Of the parishes and missions that adhered to Lawrence in the schism of 2012, the 25 that lost communicants reported a total loss of 4,716 people. The 15 parishes and missions that reported gains, showed a total gain of 439. Subtracting the 439 gain from the 4,716 loss means a net loss of 4,277 members in DSC in the year after the schism. In other words, the Lawrence local churches loss a net total of 4,277 active members in the aftermath of the 2012 schism. If the DSC churches had 21,863 communicants before the schism, the loss amounted to 20%. The local churches that stayed with TEC counted 5,113 members at the end of 2011. If one adds the 4,716 lost from DSC churches and the 5,113 that left DSC in order to stay with TEC, one would get a total of 9,829 communicants who left the diocese at the time of the schism and the year following the schism. A loss of 9,829 communicants out of a starting number of 26,976 (all churches in DSC in 2011) means a 36% drop in membership in DSC as a direct result of the schism. In other words, about one-third of the diocese left at the time of the schism. At the end of calendar year 2013, DSC reported 17,999 communicants, a far cry from the 27,670 when Lawrence arrived in 2008, and the 26,976 on the eve of the schism.
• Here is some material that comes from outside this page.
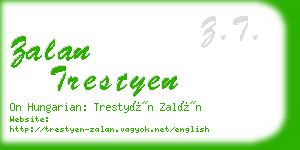 zalan trestyen business card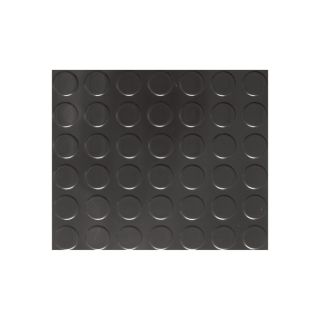 G Floor Garage/Shop Floor Coverings   10ft. x 24ft., Coin Design, Midnight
Statistics of ECSC churches

How did the parishes and missions that stayed with TEC compare with those who followed Lawrence? Unfortunately, we have no post-schism statistics yet from these local churches. Hopefully, we will have soon. However, we do have figures on these churches from the statistical tables of 2007 and 2011. Nineteen parishes and missions of the old diocese remained with TEC. The data for them show only a very small change in their status in the run-up to the schism, 2007 to 2011. By 2011, the Plate and Pledge giving rose only 1 % to $4,861,928. In 2007 they reported 4,909 communicants, then 5,113 in 2011, a rise of 4%. In this period, 10 churches increased giving and 9 declined while 10 increased in membership and 9 declined. The greatest rise in membership occurred in the larger churches, particularly Grace of Charleston (+2%), St. Stephen's of Charleston (+15%), Holy Communion of Charleston (+30%), All Saints, Hilton Head (4%), and some of the smaller churches, as St. James Santee (+25%). Overall, the nineteen local churches that remained with TEC showed little change in the first four years of Lawrence's tenure (2008-2011).


Some of the small details in the statistical tables should also give pause to the diocese, for instance, baptisms. The parishes and missions that adhered to Lawrence had 389 baptisms in the year 2011. In 2013 that was down to 258, a whopping 33% drop (Journal of 2014, p. 130). Other important categories also show cause for cause for alarm in DSC.

Some of my readers may refuse to believe the data. I can assure it is there, and it comes from the Diocese of South Carolina itself. I did not make it up. The statistical tables are freely available for anyone to see and study.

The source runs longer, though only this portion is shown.